Datablocks

`calculate_md5_checksum(filename, chunksize=2 ** 20)`

Calculate an md5 hash of a file

Parameters:

Name	Type	Description	Default
`filename`	`Path`	absolute or relative path to file	required
`chunksize`	`int`	default chunk size to calculate hash on. Defaults to 1024*1025.	`2 ** 20`

Returns:

Name	Type	Description
`str`	`str`	hash as str

Source code in backend/archiver/utils/datablocks.py

def calculate_md5_checksum(filename: Path, chunksize: int = 2**20) -> str:
    """Calculate an md5 hash of a file

    Args:
        filename (Path): absolute or relative path to file
        chunksize (int, optional): default chunk size to calculate hash on. Defaults to 1024*1025.

    Returns:
        str: hash as str
    """
    import hashlib

    m = hashlib.md5()
    with open(filename, "rb") as f:
        while chunk := f.read(chunksize):
            m.update(chunk)
    return m.hexdigest()

`copy_file_to_folder(src_file, dst_folder)`

Copies a file to a destination folder (does not need to exist)

Parameters:

Name	Type	Description	Default
`src_file`	`Path`	Source file	required
`dst_folder`	`Path`	destination folder - needs to exist	required

Raises:

Type	Description
`SystemError`	raises if operation fails

Source code in backend/archiver/utils/datablocks.py

@log
def copy_file_to_folder(src_file: Path, dst_folder: Path):
    """Copies a file to a destination folder (does not need to exist)

    Args:
        src_file (Path): Source file
        dst_folder (Path): destination folder - needs to exist

    Raises:
        SystemError: raises if operation fails
    """
    if not src_file.exists() or not src_file.is_file():
        raise SystemError(f"Source file {src_file} is not a file or does not exist")
    if dst_folder.is_file():
        raise SystemError(f"Destination folder {dst_folder} is not a folder")

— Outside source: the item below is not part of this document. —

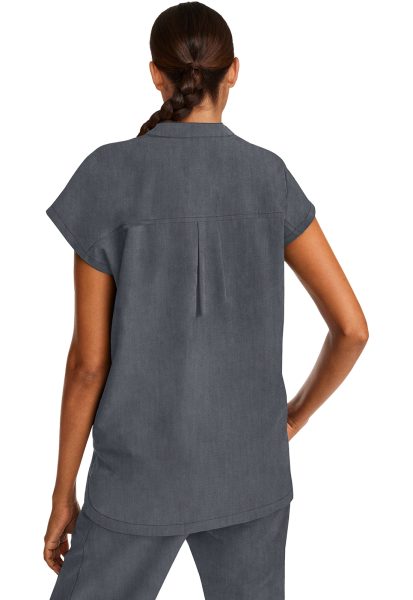 Healing Hands Scrub Top Journey 2152  HEAGR - Image 5
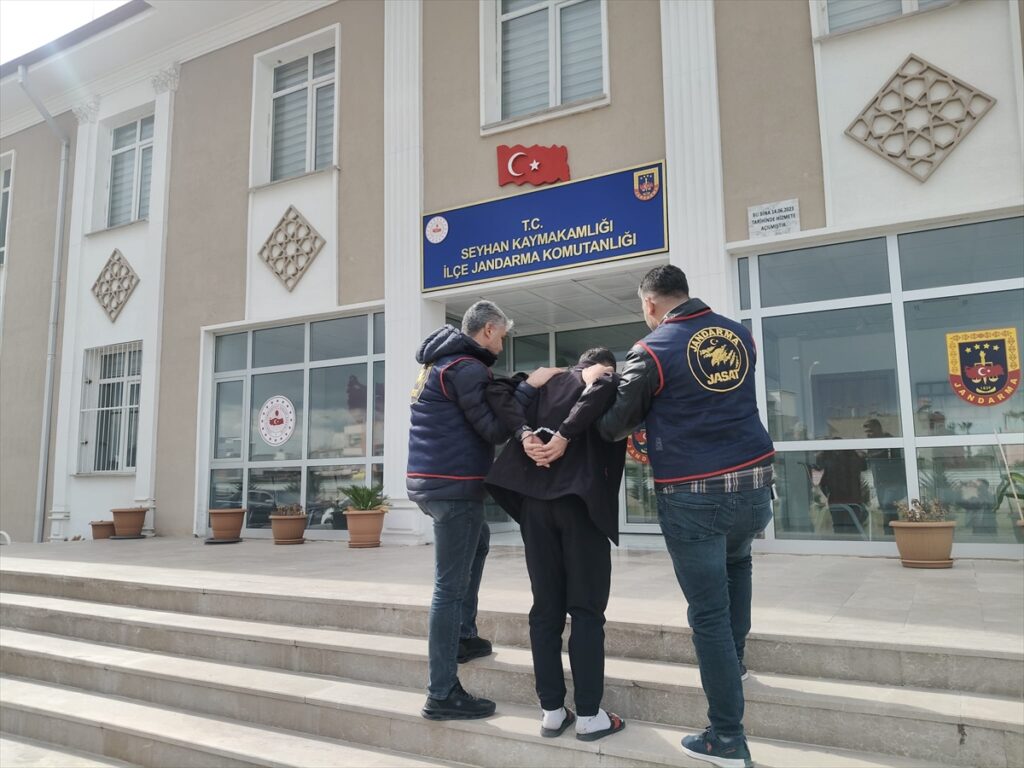 Adana’da 3 firari hükümlü yakalandı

    getLogger().info(f"Start Copy operation. src:{src_file}, dst{dst_folder}")

    expected_dst_file = dst_folder / src_file.name

    with subprocess.Popen(
        ["rsync",
         "-rcvh",  # r: recursive, c: checksum, v: verbose, h: human readable format
         "--stats",  # file transfer stats
         "--no-perms",  # don't preserve the file permissions of the source files
         "--no-owner",  # don't preserve the owner
         "--no-group",  # don't preserve the group ownership
         "--mkpath", str(src_file), str(dst_folder)],
        stdout=subprocess.PIPE,
        stderr=subprocess.STDOUT,
        universal_newlines=True,
    ) as popen:
        for line in popen.stdout:
            getLogger().info(line)

        popen.stdout.close()
        return_code = popen.wait()
        if return_code > 0:
            getLogger().error(f"Finished with return code : {return_code}")
        else:
            getLogger().info(f"Finished with return code : {return_code}")


    if not expected_dst_file.exists():
        raise SystemError(f"Copying did not produce file {expected_dst_file}")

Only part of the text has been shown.